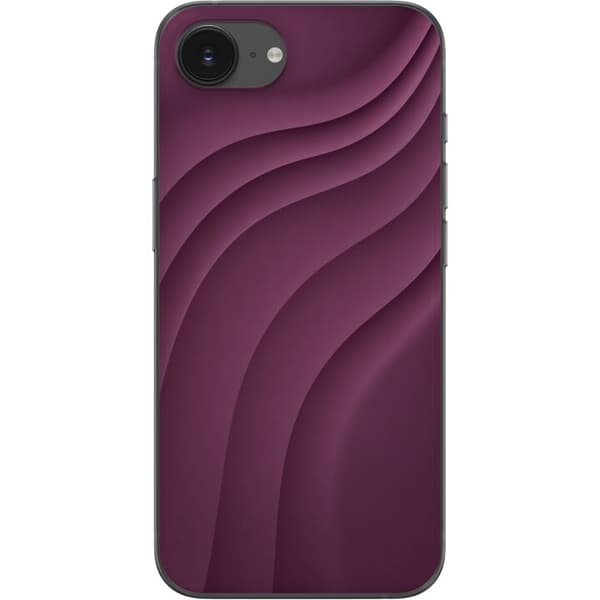 Kompatibelt Mobilskal till Apple iPhone 16e Plum Motion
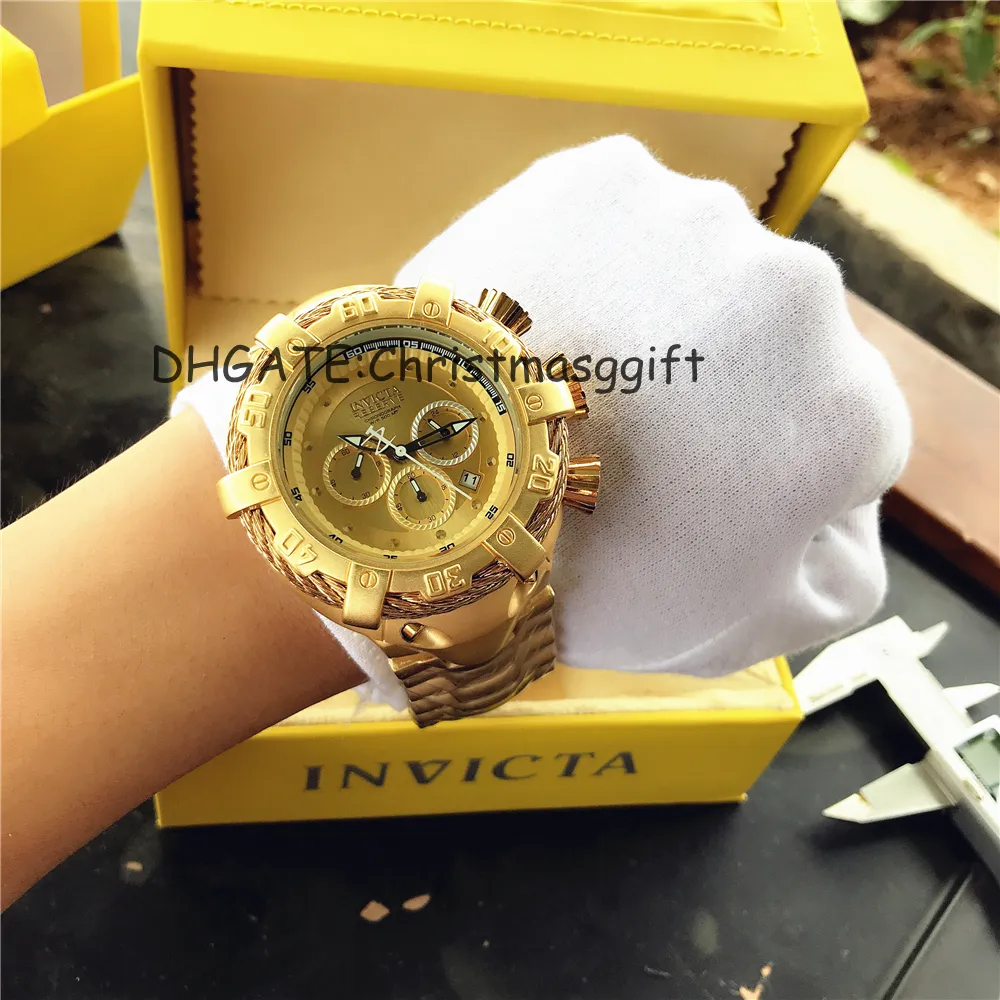 5 DZ nuevo reloj de moda para hombre diseño de calavera marca superior de lujo correa de acero inoxidable dorado esqueleto hombre reloj de pulsera de cuarzo 347e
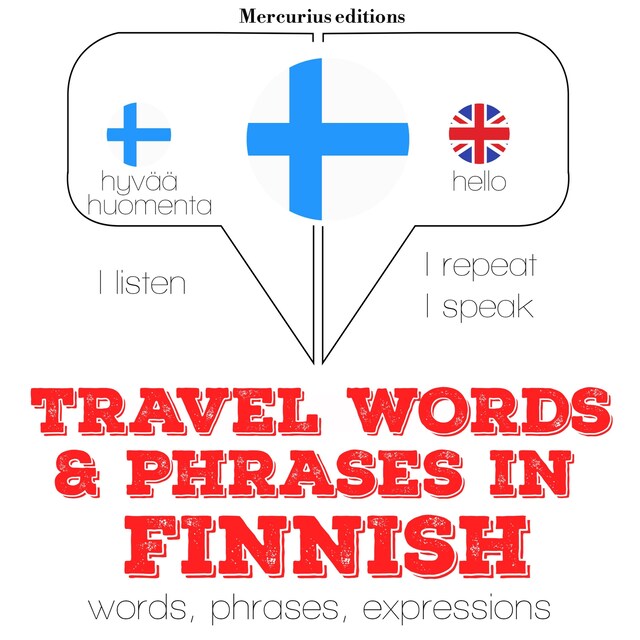 Kirjankansi teokselle Travel words and phrases in Finnish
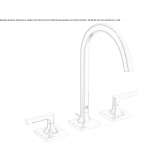 Countertop washbasin tap with cork stopper Uxheim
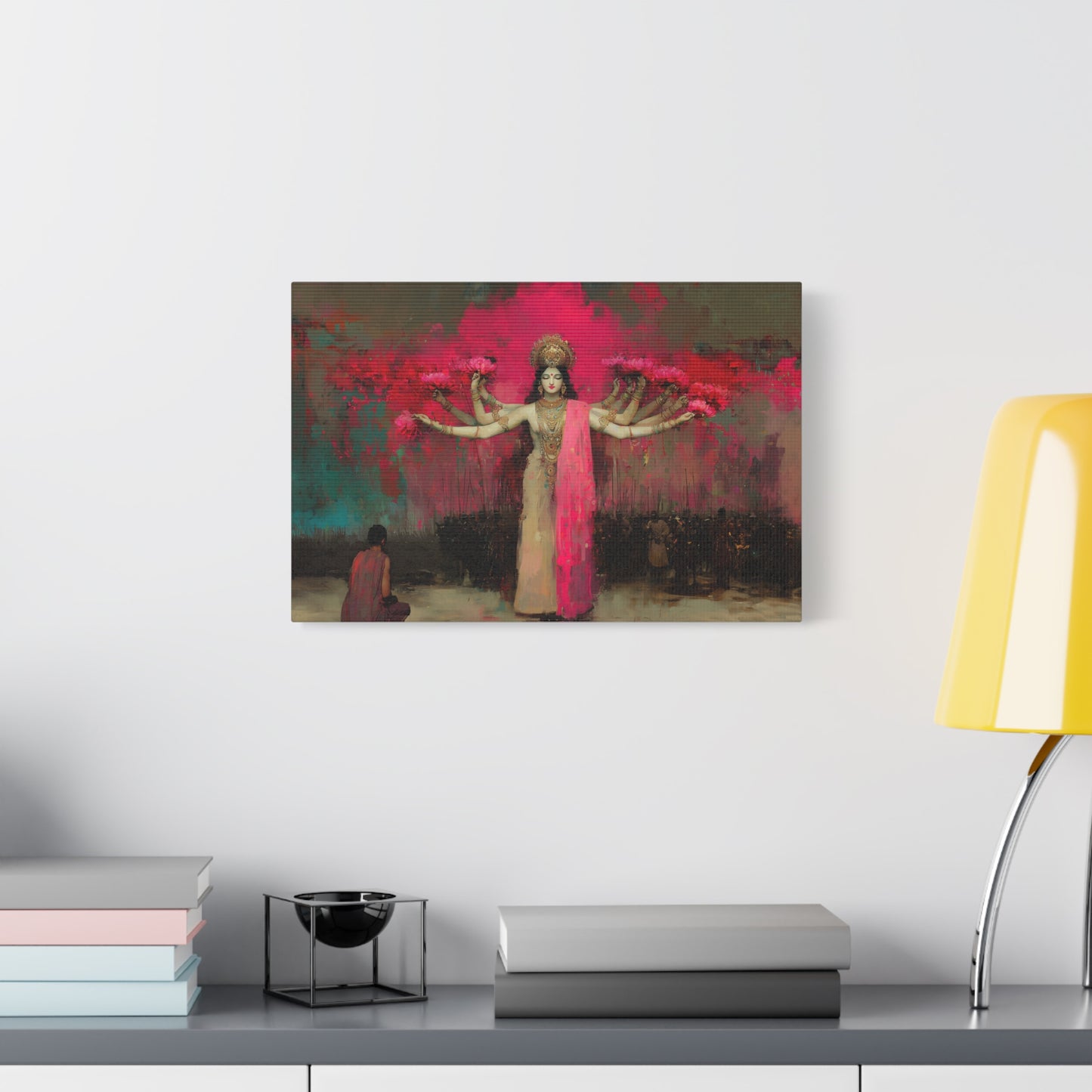 The Lotus Deity Canvas Print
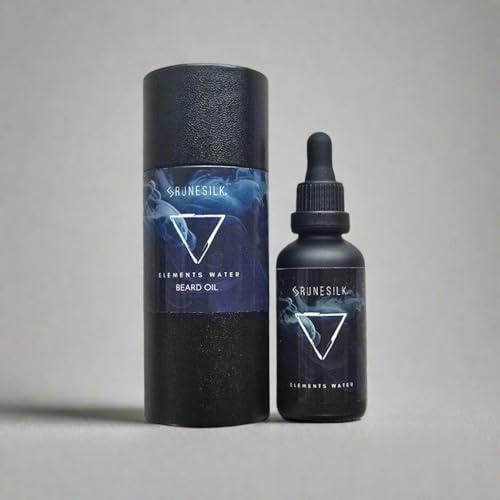 Elements Water Beard Oil by RUNESILK | Beard Oil for Men - Conditioner with Argan Oil - Gentle Beard Care for All Skin Types | Made in the UK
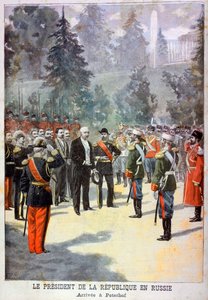 Felix Faure, Frankrikes president, mottok på Peterhof, St. Petersburg, Russland, 1897 av Oswaldo Tofani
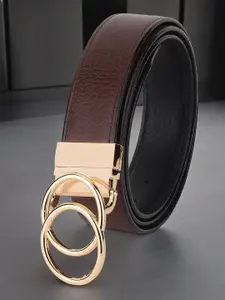 WINSOME DEAL Men Textured Formal Belt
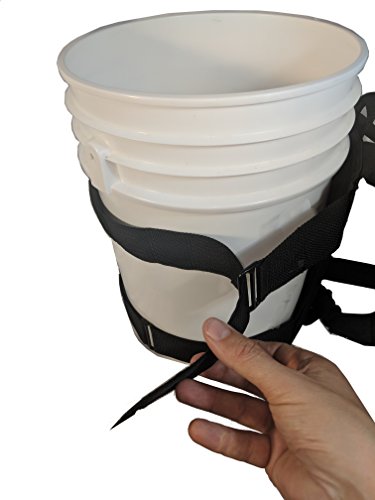 Backpack for 5 Gallon Buckets | Fishing, Picking Apples, Sports - color: Black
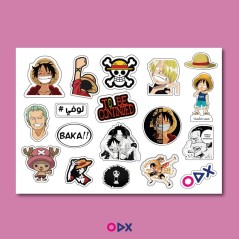 Stickers laptop - One piece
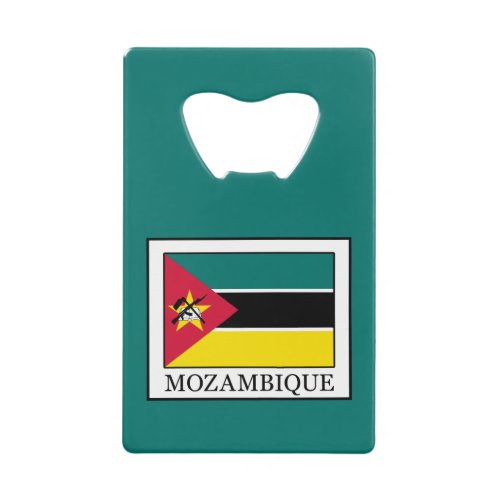Mozambique Credit Card Bottle Opener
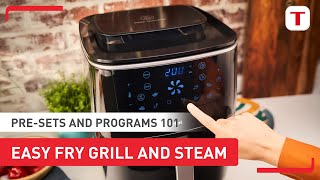 How to Use the Presets and Programs  Tefal Easy Fry Grill amp Steam XXL FW2018 Part 2 [upl. by Alvita]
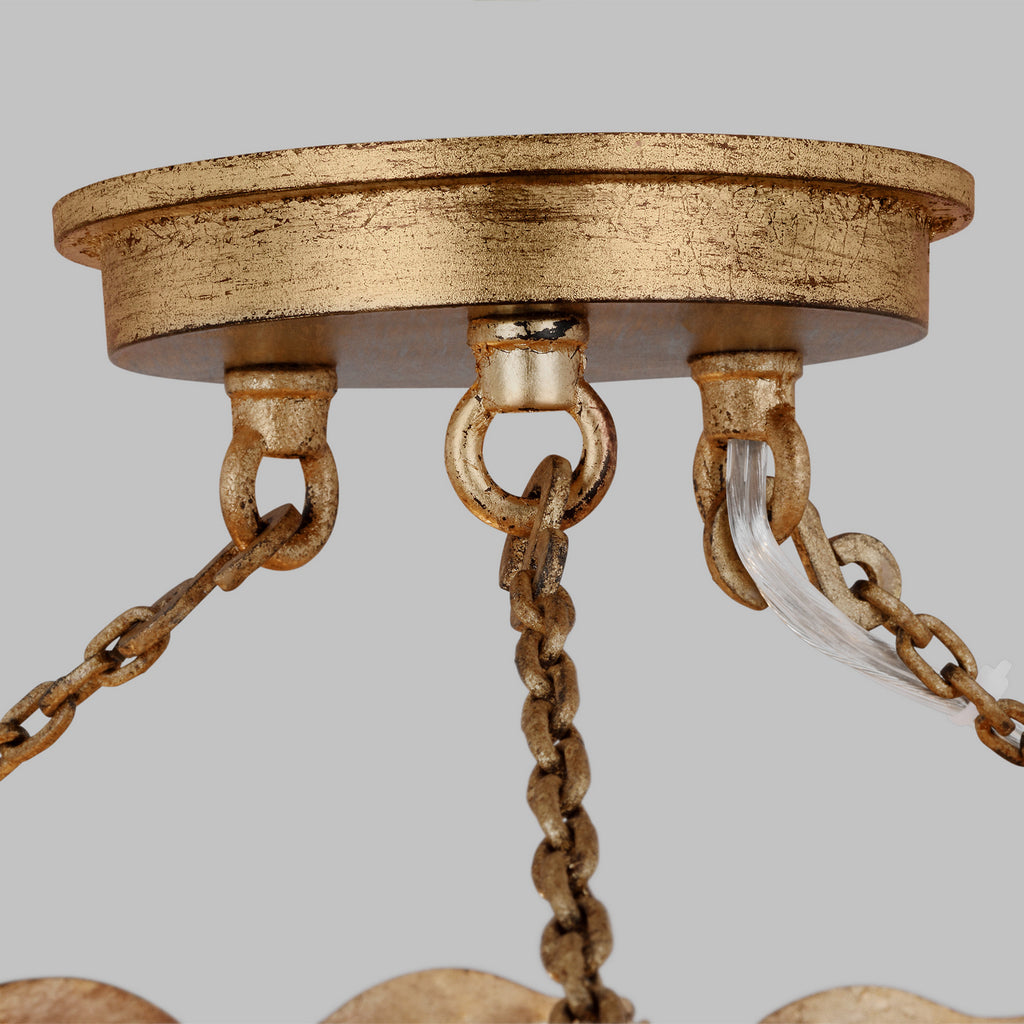 Kelan Three Light Semi Flush Mount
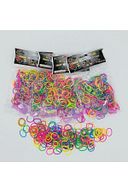 Genel Markalar 4 Lü Yedek Poşet Bileklik Takı Yapma Seti ve Örgü yapma seti Loom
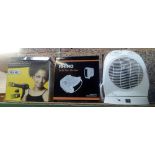 TWO FAN HEATERS & 1 WAHL POWER PICK II HAIR DRIER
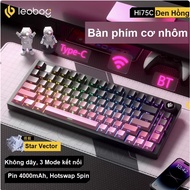 LEOBOG Hi75 Wired Aluminum Mechanical Keyboard, Wireless Hi75C, Downstream Circuit, RGB, 5 pin hotsw
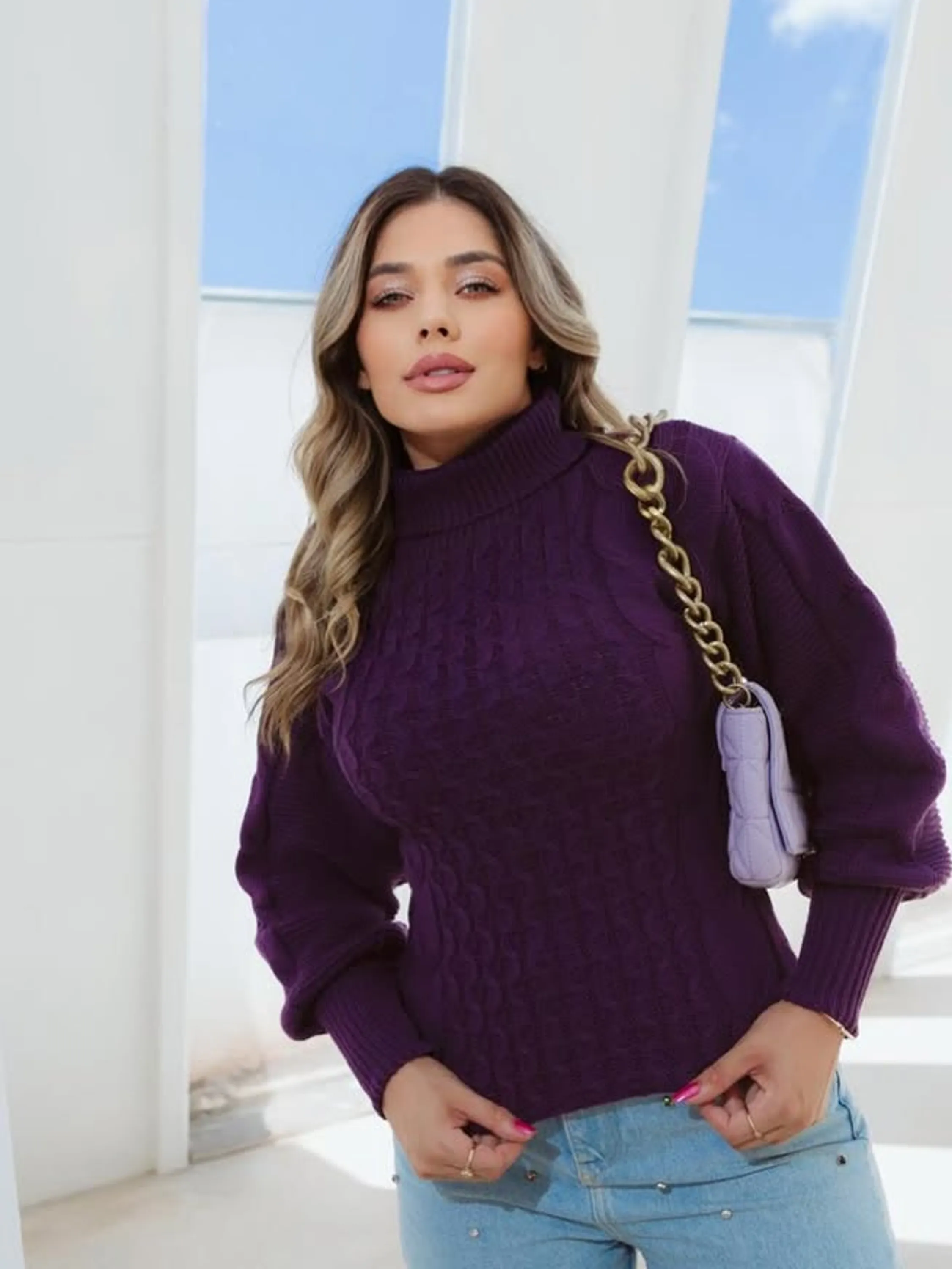 Blusa de tricot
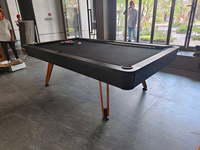 Vente directe d'usine de pieds de table de billard au design moderne de 7/8/9 pieds avec coussin en laine et construction en panneaux de fibres à densité moyenne (MDF)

══════════════════════════════

§ **Exercise instructions**
Although pictures appear among the records above, none are to be output; print exactly the lines from the line containing "Kirjankansi teokselle Travel" through the line containing "WINSOME DEAL Men Textured Formal Belt".

§ **Answer below**
 Kirjankansi teokselle Travel words and phrases in Finnish
 Countertop washbasin tap with cork stopper Uxheim
 The Lotus Deity Canvas Print
 Elements Water Beard Oil by RUNESILK | Beard Oil for Men - Conditioner with Argan Oil - Gentle Beard Care for All Skin Types | Made in the UK
 Felix Faure, Frankrikes president, mottok på Peterhof, St. Petersburg, Russland, 1897 av Oswaldo Tofani
 WINSOME DEAL Men Textured Formal Belt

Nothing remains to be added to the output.